Avalon never terminated the lease, and continued to receive monthly rent of about $50,000, but filed suit for breach of lease (breach of maintenance and repairs covenants), waste and declaratory relief against HD Supply, and the jury awarded $561,000 against HD Supply.3 On the waste cause of action, the jury found that HD Supply acted “willfully or maliciously” and the trial court trebled the damages for waste, resulting in a total damages award of $2.36 million.

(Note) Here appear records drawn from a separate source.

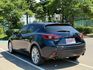 MAZDA馬自達 MAZDA 3  第2張縮圖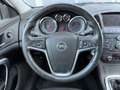 Opel Insignia A 2.0 CDTi Edition Navi Klima Tüv 11.26 Grau - thumbnail 17
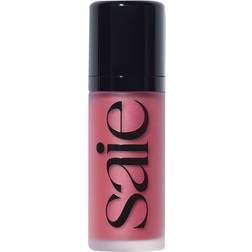 Saie Dew Blush 12ml (Various Shades) Dreamy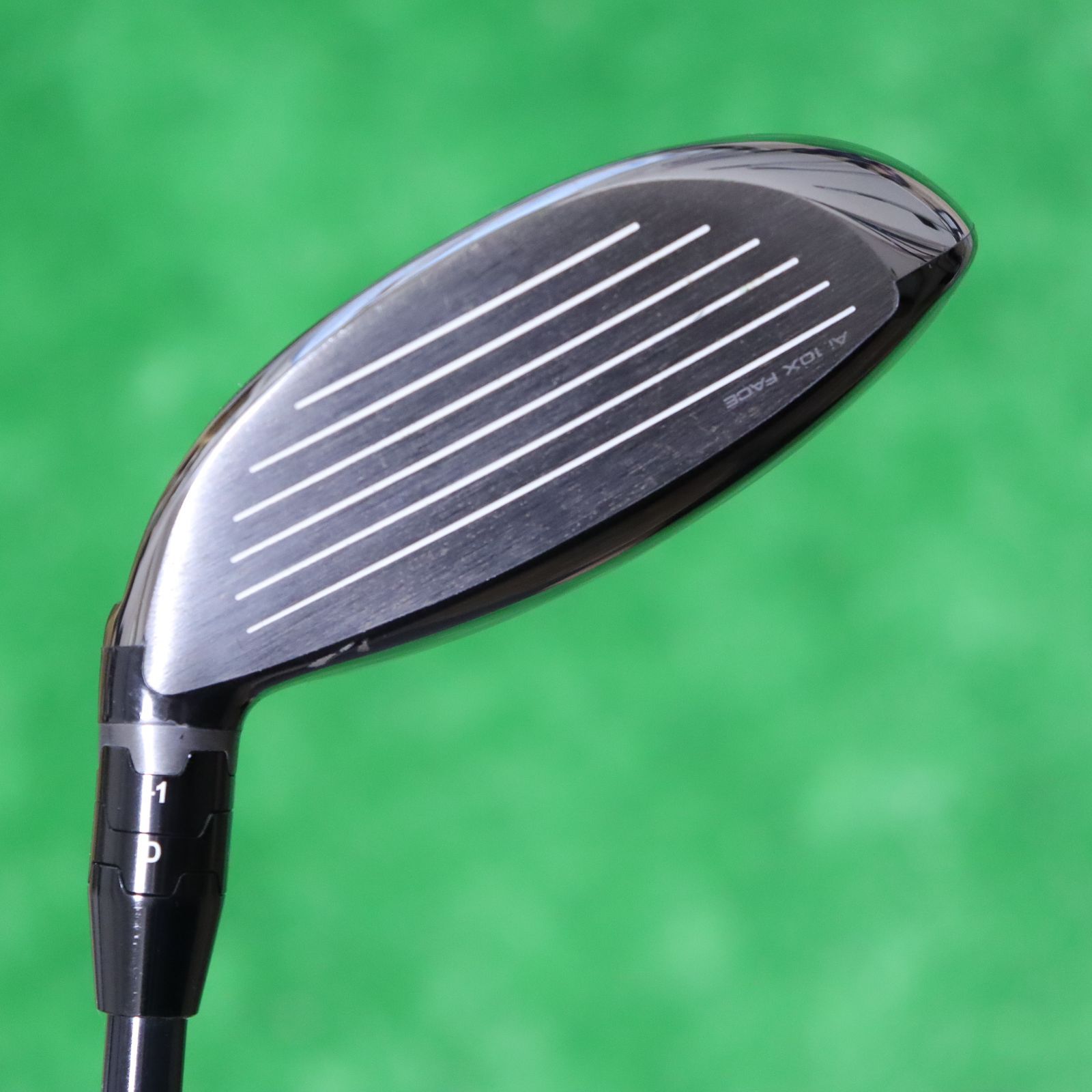 【レフティ】キャロウェイ ELYTE ◇◇◇ 3W 24ベンタスブラック レフティ】キャロウェイ ELYTE ◇◇◇ 3W 24ベンタスブラック メーカー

Cost of Repair Damages for Breach of Maintenance and Repair Covenants are Not Recoverable by a Lessor During the Lease Term

The Court found that HD Supply had not abandoned the lease, which was a prerequisite to Avalon’s right to recover cost of repair damages. The Court held that cost of repair damages for breach of maintenance and repair covenants are not recoverable by a lessor during the lease term. Instead, the Court opined that to enforce nonmonetary covenants of the lease, such as maintenance and repair obligations, Avalon’s remedy under the lease was to sue for specific performance, which Avalon did not do. The Court noted that the justification for the rule that a lessor may not recover damages for cost of repair during the lease term was that it would not be fair since the lessee is not bound to expend money on repairs, and if a lessor recovered the cost of repairs, the lessor would have a windfall. This is because the lessor would not rightfully come into possession of the premises until the expiration of the lease term, after the value of the repairs has substantially declined. Further, a lessor’s cost of repair damages during the lease term is speculative, since the lessee may make the necessary repairs prior to the expiration of the lease.4

The Court recognized that a landlord has a right to enforce a repair covenant during the lease term. But the issue was what remedy is recoverable (e.g., specific performance, or damages for cost of repair or injury to revision interest). The Court discussed several cases allowing cost of repair damages, but noted that those cases turned on peculiar facts or terms in the lease and did not represent the general rule that cost of repair damages are not recoverable during the lease term. The Court noted that there is a split of authority as to whether a lessor can obtain damages for injury to the reversion interest during the pendency of the lease, but noted that it need not decide that issue since Avalon had not sought such damages.5

Damages for Waste Must be Based on Diminution of Reversion Interest and Cannot be Based on Cost of Repair While Lease is in Effect

The Court held that Avalon did not prove that HD Supply committed waste, which is by definition injury to a lessor’s reversion interest. The Court recognized that not every injury to premises by a lessee constitutes “waste” as waste is injury to the lessor’s reversion interest, not the lessee’s present interest. While Avalon presented testimony that the premises could not be sold or leased in its present condition, Avalon did not present evidence of damages to Avalon’s reversion interest. Therefore the Court concluded that in seeking cost of repair damages instead of proving diminution of value of its reversion interest, Avalon failed to prove waste. Further, the Court questioned a lessor’s ability to recover cost of repair damages for waste, holding that Avalon could not have recovered cost of repair damages while the lease remained in effect.6 The matter was reversed with directions to enter judgment in favor of the defendants.